Les pharmaciens de Montluçon s’expriment sur l’accès aux soins

Les pharmacies de quartier sont en première ligne pour constater les effets de la pénurie de médecins généralistes. Dans l’avenue de la République, à Montluçon, elles sont toujours quatre malgré l’arrêt d’activité de plusieurs médecins dans le quartier et la concurrence de parapharmacies dans la ville.

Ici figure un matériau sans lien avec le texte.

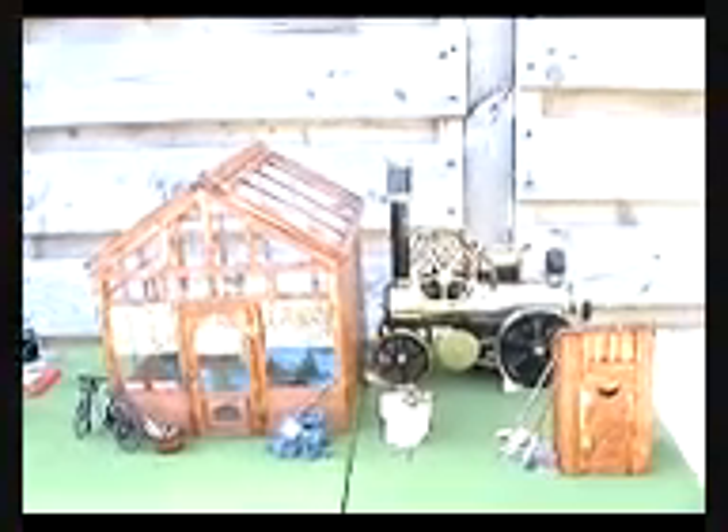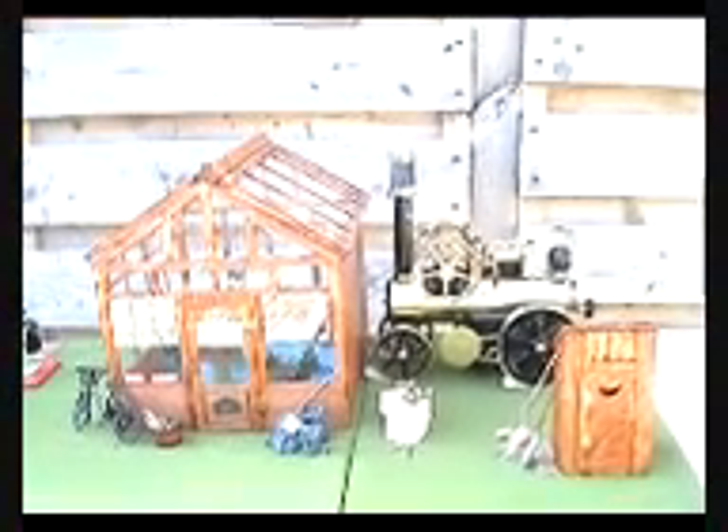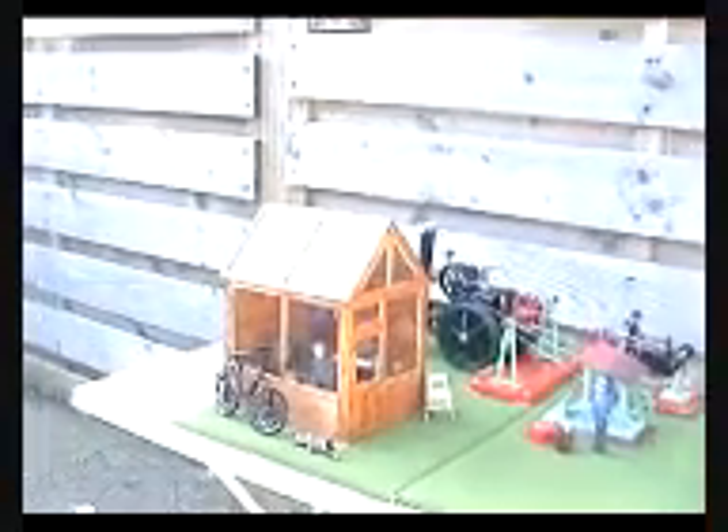So this is it. This is what I call my new workshop and it's called, basically, Fred Dibnah's Backyard. I'll just scan along so you can see what's there, and then we'll do a few close-ups and then hopefully we'll get it running on compressed air so you can see it all operating.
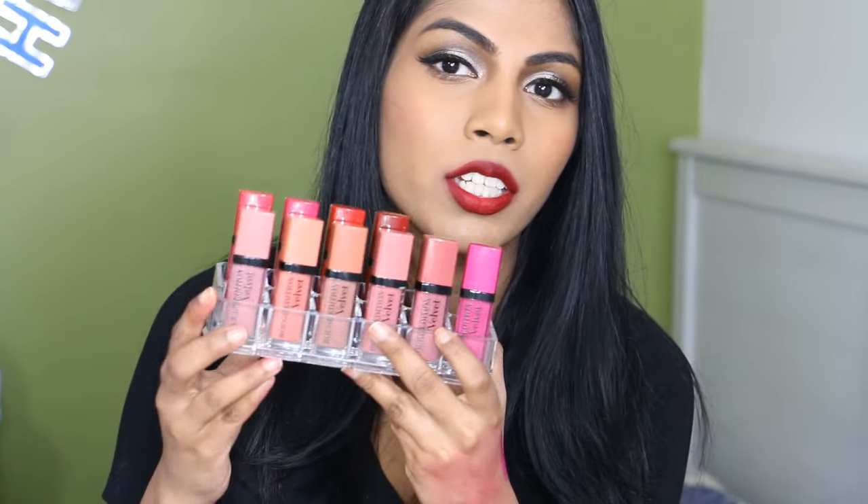They also take a while to dry down on the lips. You put it on and it takes at least a good 3 to 5 minutes to fully dry down. Since it's a little bit thick, it takes a while. But once it's dried, it's beautiful. The lighter shades need a bit of lip liner to work with — because I have naturally darker lips, it can show through. With darker shades, I can just wear it on its own. One more thing: I don't really like the scent. It doesn't smell great, but it goes away once you put it on. Anyways, I'm gonna jump in and show you the swatches on my lips and on my hands.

Pour ces pharmacies, les habitants sont de moins en moins bien soignés. « Des clients regrettent que leurs médecins ne leur prennent pas la tension ou qu’ils renouvellent une ordonnance sans les ausculter. Je ne leur jette pas la pierre, ils n’ont plus le temps de faire une médecine correcte. S’ils voient chaque jour quarante patients au lieu de vingt, c’est préjudiciable pour les quarante », observe Catherine Guittard, pharmacienne depuis presque quinze ans dans le quartier. Autre témoignage, celui de Khani Doucouré, préparatrice dans une autre pharmacie de l’avenue : « Ce n’est pas vrai seulement pour les médecins généralistes. Le manque de dentistes se fait sentir aussi. Nous avons des gens qui ont des abcès dentaires et qui ne peuvent prendre rendez-vous avant deux ou trois semaines. On leur donne un anti-inflammatoire et de quoi faire un bain de bouche. Mais ils doivent aller aux urgences pour qu’il leur soit prescrit des antibiotiques ». « Les gens laissent traîner davantage. Des fois, un petit rhume tout bête peut dégénérer et ils peuvent rester deux ou trois semaines sous antibiotiques alors qu’une semaine aurait pu être nécessaire s’ils avaient été pris à temps par un médecin » selon Catherine Guittard.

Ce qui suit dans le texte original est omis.